Fort Lee Mayor's GWB Traffic Warning
Fort Lee Mayor Mark Sokolich said that while traffic wasn’t as bad many had predicted Monday, there’s still tomorrow to worry about, not to mention the coming months, and that he’s prepared to shut down local roads if necessary.
Editor's note: Having heard from so many concerned residents who commute into the city, I am sharing this message from Fort Lee Mayor Mark Sokolich regarding GWB traffic during construction.
Traffic at the George Washington Bridge was not nearly the nightmare many had feared it would be—at least not on Monday morning, the first weekday morning since the New York State Department of Transportation started its three-month-long repair project at the Alexander Hamilton Bridge and resulting lane closures on the Cross Bronx Expressway.
But Fort Lee Mayor Mark Sokolich said that while things were “business as usual” Monday and Fort Lee officials were in a “wait and see” mode, he also warned residents not to have a “false sense of security.”

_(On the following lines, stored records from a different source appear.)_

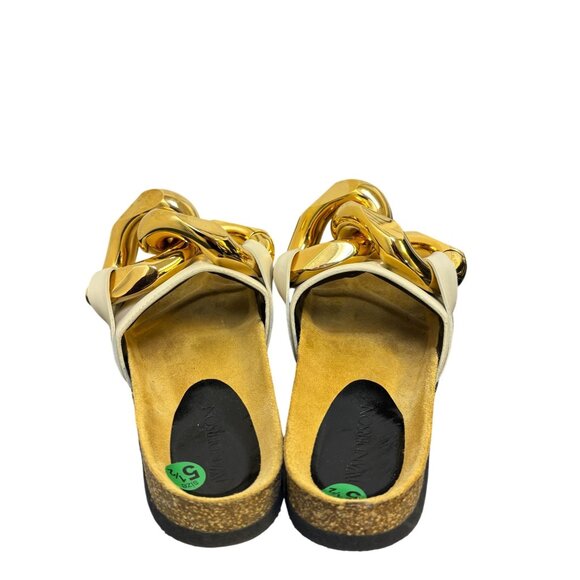 JW Anderson Cream & Gold Chain Slides 5.5 - Picture 4 of 11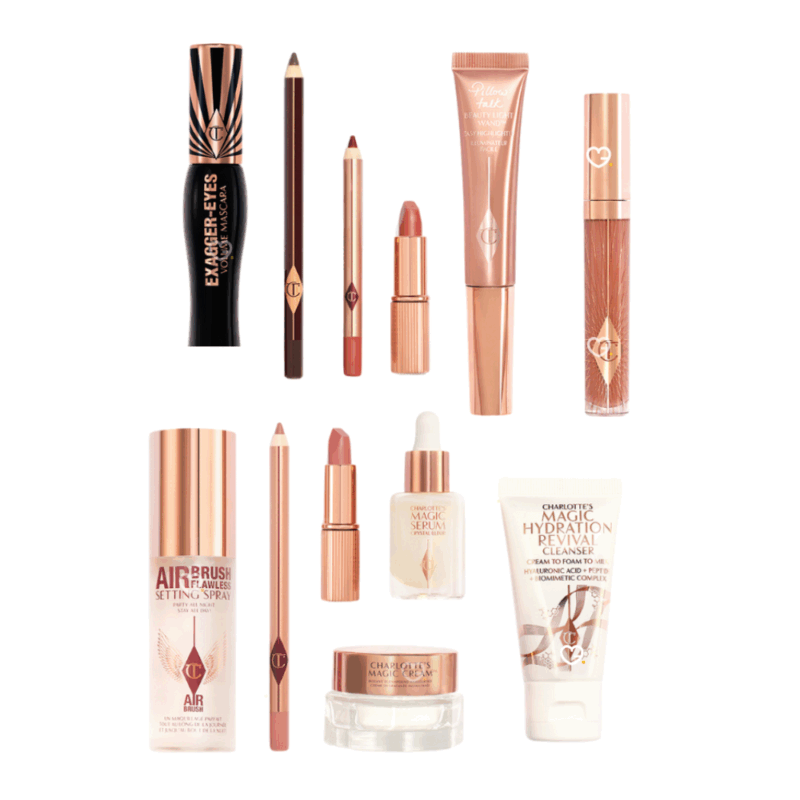 contenu complet du Calendrier de l'avent Charlotte Tilbury en forme de coffret trésor contenant 12 produits de beauté luxueux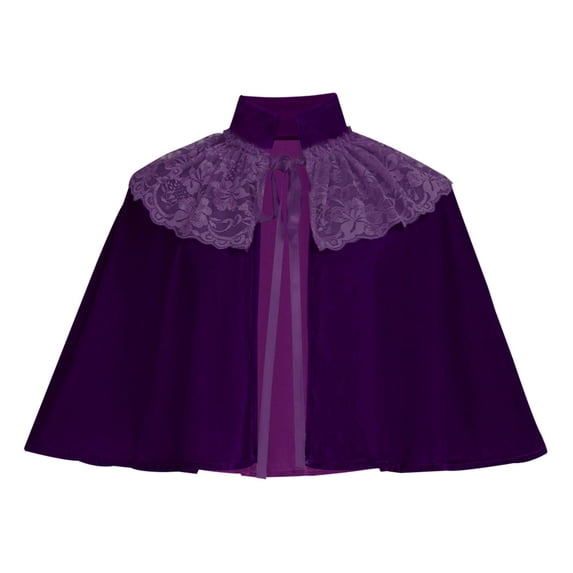 Iyufng Women's Halloween Velvet Short Cape Stand Collar Lace Trim Shoulder Cloak Front Ribbon Tie Vampire Witch Cosplay Wrap Cover Up for Halloween Evening Party Carnival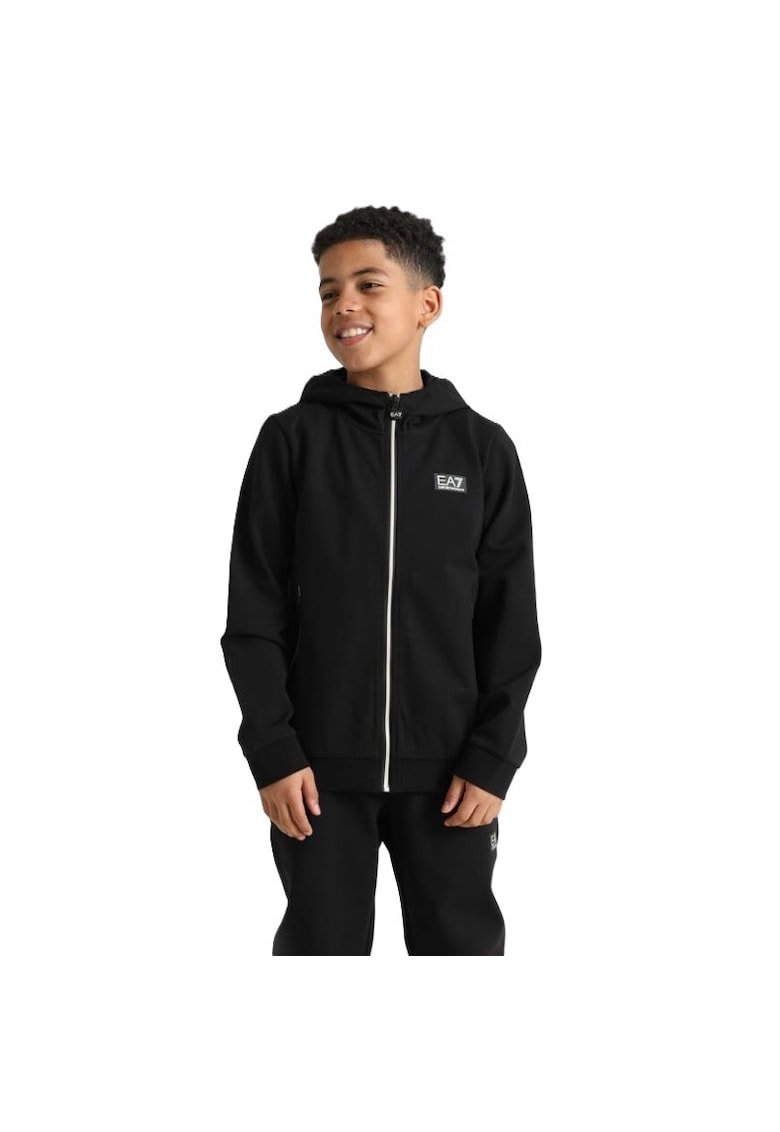 Bluza baieti cu fermoar HOODIE FZ COPL ST - Bumbac - Negru -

“It wasn’t that bad this morning,” Sokolich told Patch. “But I think that in order to properly assess this issue, you need to look back over the next week to 10 days and make a determination as to what your policies are going to be.”
Sokolich said it was likely that people, heeding the many warnings that preceded Monday morning’s commute, simply “made other arrangements,” doing such things as taking other Hudson River crossings or using mass transit. But he also said he’s concerned about what happens for the rest of the week, not to mention the coming months, and that he and Fort Lee Police Chief Thomas Ripoli are prepared to act if the situation calls for it.
“I was driving around town with the chief this morning at 5 a.m., and we both reached the conclusion that if response times start to be adversely affected, we’re going to close down all the local roads,” Sokolich said, adding, “as best we can.”
In a NorthJersey.com video, Sokolich, speaking against the backdrop of the GWB Monday morning, said of the traffic situation, “It's supposed to get progressively worse.”
“So we’ll see what happens tomorrow,” he said.
Sokolich also said in the interview that he was particularly concerned about what happens when school starts in September, calling that “a very big concern.”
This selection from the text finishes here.